Table 15. 32-CLK, Single-SDO Interface Specific Timing

PARAMETER		TEST CONDITIONS	MIN	TYP	MAX	UNIT
TIMING REQUIREMENTS
t_CLK	CLOCK period	ADS8353	50			ns
		ADS7853	29.4			ns
		ADS7253	29.4			ns
t_ACQ	Acquisition time			49 × t_CLK – t_CONV		ns
TIMING SPECIFICATIONS
t_CONV	Conversion time	ADS8353			730	ns
		ADS7853			450	ns
		ADS7253			450	ns

8.5.3.2.3 16-CLK, Dual-SDO Mode (CFR.B11 = 1, CFR.B10 = 0)

The 16-CLK, dual-SDO mode is designed to support the maximum throughput at lower SCLK frequencies. This interface mode is not supported by the ADS8353.

For the ADS7853 and ADS7253, this interface mode can be selected by writing CFR.B11 = 1 and CFR.B10 = 0. In this mode, the SDO_A pin outputs the ADC_A conversion result and the SDO_B pin outputs the ADC_B conversion result. Figure 93 shows a detailed timing diagram for this mode.

Figure 93. 16-CLK, Dual-SDO Mode Timing Diagram

A CS falling edge brings the serial data bus out of 3-state and also outputs a 0 on the SDO_A and SDO_B pins. The subsequent SCLK falling edges are used for conversion and for data transfer using the serial interface, as shown in Table 16.

The sample-and-hold circuit goes back into sample mode as soon as the conversion process is over.

Table 16. Data Launch Edge

DEVICE	PINS	LAUNCH EDGE
		CS	SCLK							CS
		↓	↓1	↓2	—	↓13	↓14	↓15	↓16 ...	↑
ADS7853	SDO-A	0	0	D13_A	—	D2_A	D1_A	D0_A	0 ...	Hi-Z
ADS7853	SDO-B	0	0	D13_B	—	D2_B	D1_B	D0_B	0 ...	Hi-Z
ADS7253	SDO-A	0	0	D11_A	—	D0_A	0	0	0 ...	Hi-Z
ADS7253	SDO-B	0	0	D11_B	—	D0_B	0	0	0 ...	Hi-Z

In this mode, at least 16 SCLK falling edges must be given to validate the read or write frame. A CS rising edge ends the frame and puts the serial bus into 3-state.
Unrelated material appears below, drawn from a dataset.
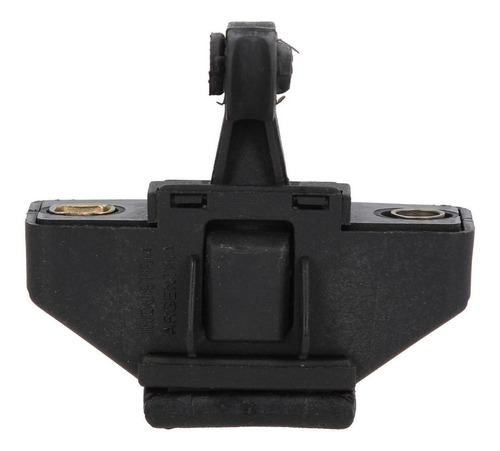 Imagen 3 de 4 de Cerradura Baul Renault Clio 94/99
Refer to Table 17 for timing specifications specific to this serial interface mode.

Table 17. 16-CLK, Dual-SDO Interface Specific Timing

PARAMETER		TEST CONDITIONS	MIN	TYP	UNIT
TIMING REQUIREMENTS
t_CLK	CLOCK period	ADS7853	55.5		ns
t_CLK	CLOCK period	ADS7253	55.5		ns
t_ACQ	Acquisition time	ADS7853		4 × t_CLK	ns
t_ACQ	Acquisition time	ADS7253		6 × t_CLK	ns
TIMING SPECIFICATIONS
t_CONV	Conversion time	ADS7853		14 × t_CLK	ns
t_CONV	Conversion time	ADS7253		12 × t_CLK	ns

8.5.3.2.4 16-CLK, Single-SDO Mode (CFR.B11 = 1, CFR.B10 = 1)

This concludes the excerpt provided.